不穏ラジオ−この番組ではみんなの秘密を暴露します−
☆☆☆

空き教室の掃除がどうにか終わったのはそれから30分も経過した後だった。
どうせ今日は授業にはならないし、他の生徒たちは今体育館に集合させられているようだ。

A組で事件を見ていた私達にはまだ警察の聴取が待っているから、ここで待機しなければならないらしい。
授業時間も休憩時間もなく、ただダラダラとした時間が過ぎていく。

このまま帰りたいと訴えるクラスメートたちも沢山いるけれど、学校から出ることは許されていなかった。
あまりにも暇で本でも読もうかとカバンを開けたとき、正広が教室を出ていく姿が見えた。

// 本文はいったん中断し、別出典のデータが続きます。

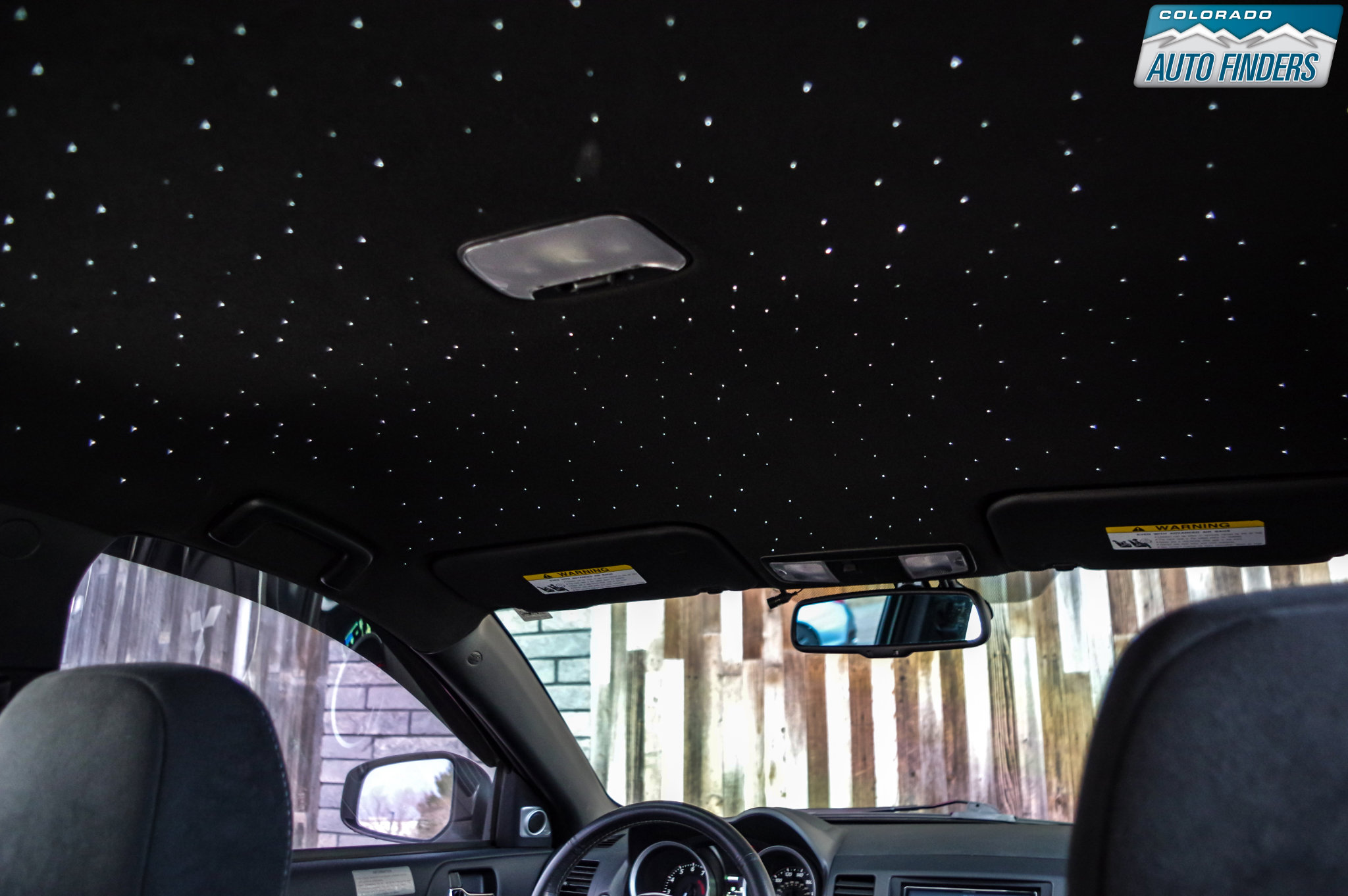 Used 2015 Mitsubishi Lancer Evolution MR image 23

正広も今日の出来事で他のみんなと同じ様に少し疲れた顔をしている。
私は本を取り出す手を止めて正広について教室を出た。

正広はそのまま近くの男子トイレに入っていく。
私はトイレの近くで正広が出てくるのを待つことにした。

それから数寸後、正広がトイレから出てきていた。


「ねぇ、ちょっといい?」


話しかけると正広は少し驚いた表情を浮かべたけれど、すぐに「いいよ」と微笑んでくれた。